The following is from Wokipedia:
Thailand has a strong tradition of rice production. It has the fifth-largest amount of land under rice cultivation in the world and is the world’s largest exporter of rice. Thailand has plans to further increase its land available for rice production, with a goal of adding 500,000 hectares to its already 9.2 million hectares of rice-growing areas. The Thai Ministry of Agriculture expects rice production to yield around 30 million tons of rice for 2008. The most produced strain of rice in Thailand is jasmine rice, which is a higher quality type of rice. However, jasmine has a significantly lower yield rate than other types of rice, but it also normally fetches more than double the price of other strains in a global market.
Pre-World War II history
Up until around the 1960s, rice production in Thailand comprised many peasants farming small areas and producing modest amounts of rice (subsistence agriculture). The Chao Phraya River delta was the hub of rice production at the time. Agriculture was a large portion of the total production of Thailand and most Thai citizens were peasants who worked on the farm. The extreme focus on agriculture arose for two main reasons: The vast amount of land available for farming and the specific policies of the government to clear more land and protect peasant rights. The government would help peasants gain access to land and also protect them from aristocratic landlords. Due to the government’s stance the urban merchants were unable to gain much control over the rice industry in Thailand. The government was concerned with protecting individual farmers and not as much with overall production. This resulted in Thailand being relatively self-sufficient, resistance to government invention, mobile, and egalitarian. Most rice farmers owned their own land and exchange labor between farmers was common. Rice production was normally not much more than the peasants needed to survive on.
Post-World War II history
As Europe was starting to come together on many issues including agricultural policy (including price supports), Thailand was starting to protect its rice farmers less and work with the merchants more. The government started worrying about increasing production and exploiting more surplus from the rice industry. Thailand turned to the merchants to put on this pressure and it worked very well.
The government wanted to promote urban growth and one of the ways it accomplished this was by taxing the rice industry and using the money in big cities.
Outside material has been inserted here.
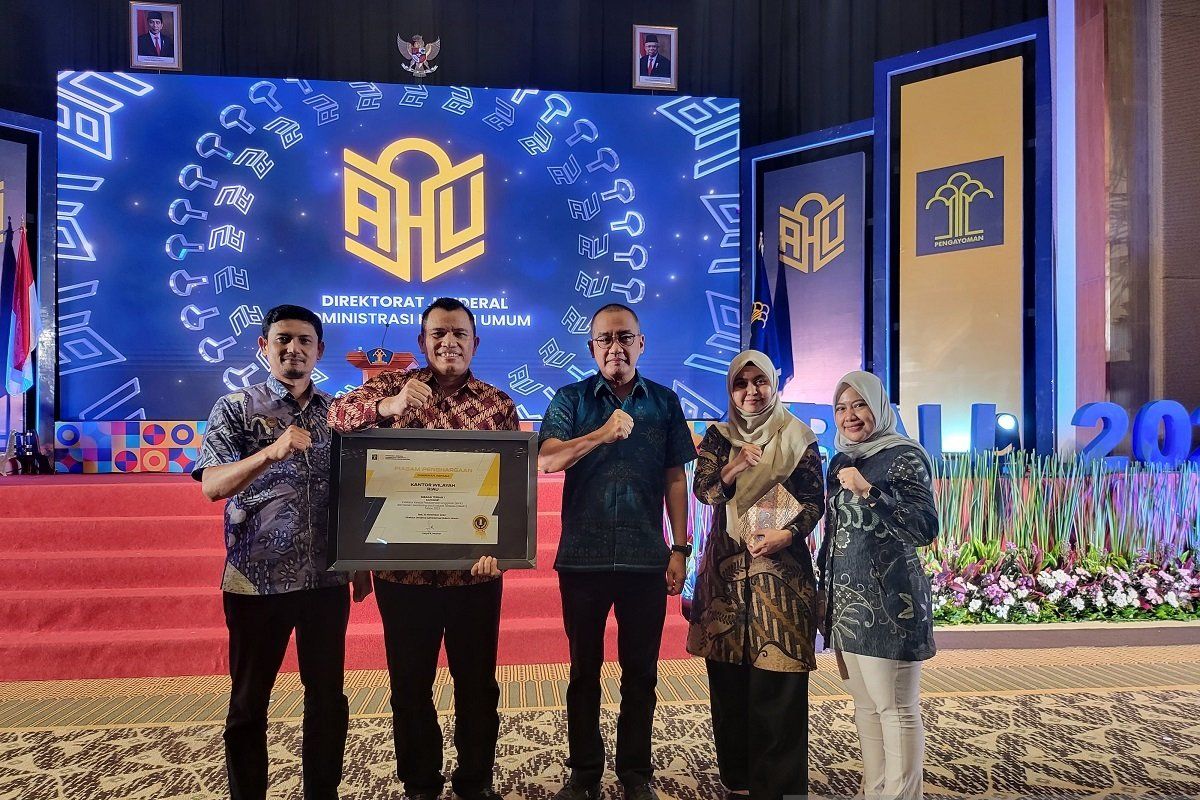 Kanwil Kemenkumham Riau raih penghargaan terbaik I dalam Rakernis AHU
In fact, during 1953, tax on rice accounted for 32 percent of government revenue. The government set a monopoly price on exports, which increased tax revenue and keep domestic prices low for Thailand. The overall effect was a type of income transfer from farmers to the government and to urban consumers (who purchased rice). These policies on rice were called the “rice premium,” which was used until 1985 when the government finally gave into political pressure. The shift away from protecting the peasant rice farmers by the government moved the rice industry away from the egalitarian values that were enjoyed by farmers to more of a modern-day, commercial, profit-maximizing industry.
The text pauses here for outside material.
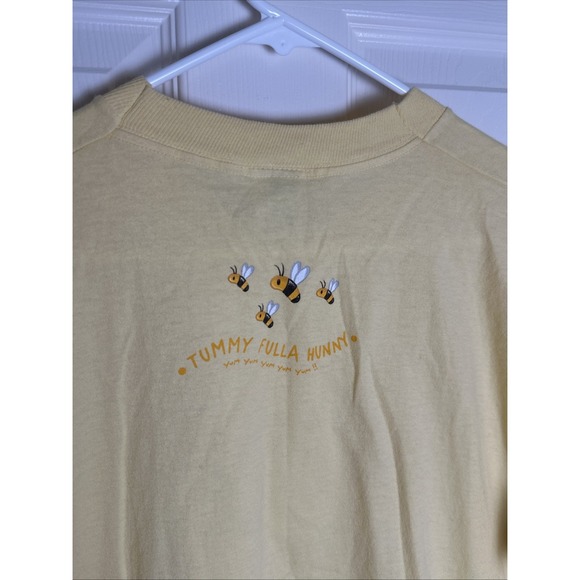 The Disney Store Winnie The Pooh Bumble Bee Honey Pot Graphic Shirt Yellow sz L - Picture 4 of 5
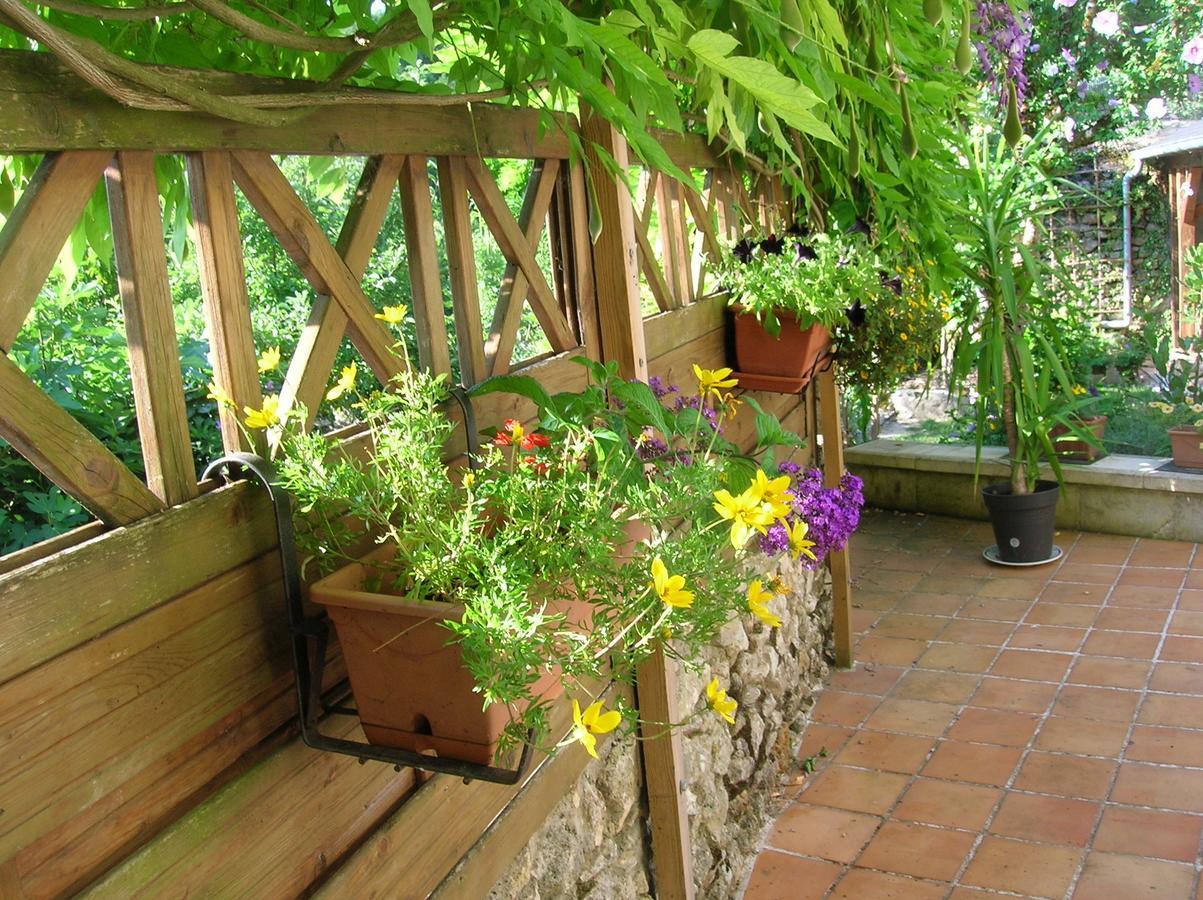 Le Petit Jardin Yoyo Hotel Monts Eksteriør billede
The Thai government had strong incentives to increase rice production and they were successful in most of their plans. The government invested in irrigation, infrastructure, and other pro-rice projects. The World Bank also provided finance for dams, canals, locks, ditches, and other infrastructure in the Greater Chaophraya Project. These policies helped lead rice land to increase from 35 million to 59 million rai from 1950s to 1980s. The graph on the next page, Figure 2, shows the increased paddy rice production in Thailand from 1961 to 2007. The rice production has about tripled in terms of total paddy rice produced. While Thailand’s rice production has not increased every year, which is not to be expected, one can see a trend line for steady significant increases since the 1960s.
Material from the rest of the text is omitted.